The total differential of enthalpy is

dH = dU + d(PV)

Therefore, if pressure and volume are constant, then there will be no mechanical work done, implying that dH = dU. In this case, dH = Cv dT

However, there is a subtle difference. By definition, under constant pressure, a positive change of H (i.e., dH > 0) equals the heat absorbed by the system; similarly, a negative change of dH (i.e., dH < 0) is equal to the heat released. But under constant volume, the change of H is not equal to the heat absorbed/released.

Such case usually occurs for solids and liquids where volume and pressure are essentially constant during reactions. This is not the case for ideal gas systems since

Cp = Cv + nR

and

dH = dU + RT dn

dH = dU only if dn = 0; i.e., the number of moles of species is conserved in the reaction.
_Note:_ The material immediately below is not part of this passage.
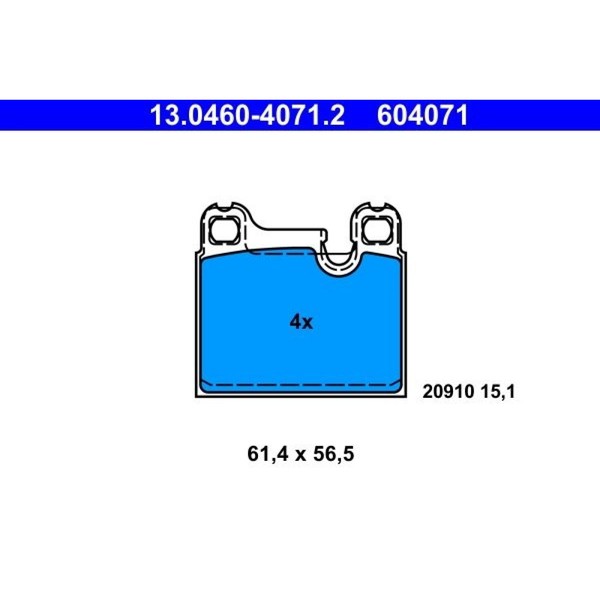 ATE 13.0460-4071.2 Bremsbelagsatz FüR Porsche 911 356 914 912-image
[quote] Also, some partial derivative terms are confusing such as this one (dH/dP)T, which is from the total differential of H, howcome a constant pressure heat change H can change with pressure P?? Isn't that H itself already implies constant pressure condition, then there should be no change in pressure. Another one is (dP/dS)v howcome the pressure change and the volume is kept constant? [/quote]

As stated above, enthalpy can vary with pressure; i.e., it is a function of pressure. It is only that when pressure is constant, the change of enthalpy is equal to the heat change of the system. Hence, don't calculate dH using dH = dq when P is not constant.
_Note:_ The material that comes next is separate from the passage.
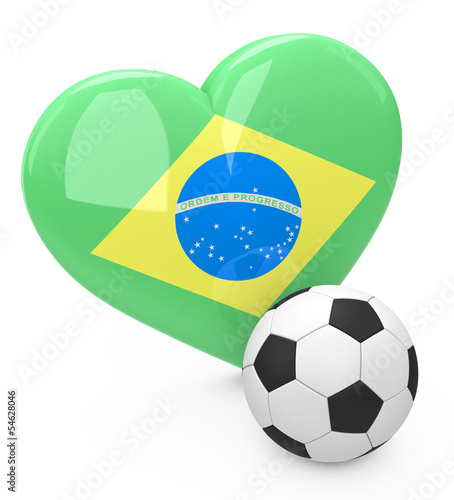 Illustration: Brasilianische Fußballliebe Brasilianische Fußballliebe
Do you mean (dP/dT)v instead? For ideal gas, it is equal to nR/V. When n is constant, increasing the temperature will lead to a higher average kinetic energy of the atoms/molecules, and thus a higher pressure of the gas.

[quote] If the Helmholtz free energy is defined as dA=d(U-TS), then I can write it as dA=δq+δw-TdS and leads to dA=δq-TdS by imposing the constant volume and temperature condition. Then does that mean the Helmholtz energy is the heat that is not contributed to entropy so that this heat can be used to do work under constant volume, but if the condition is under constant volume how a system does PV work?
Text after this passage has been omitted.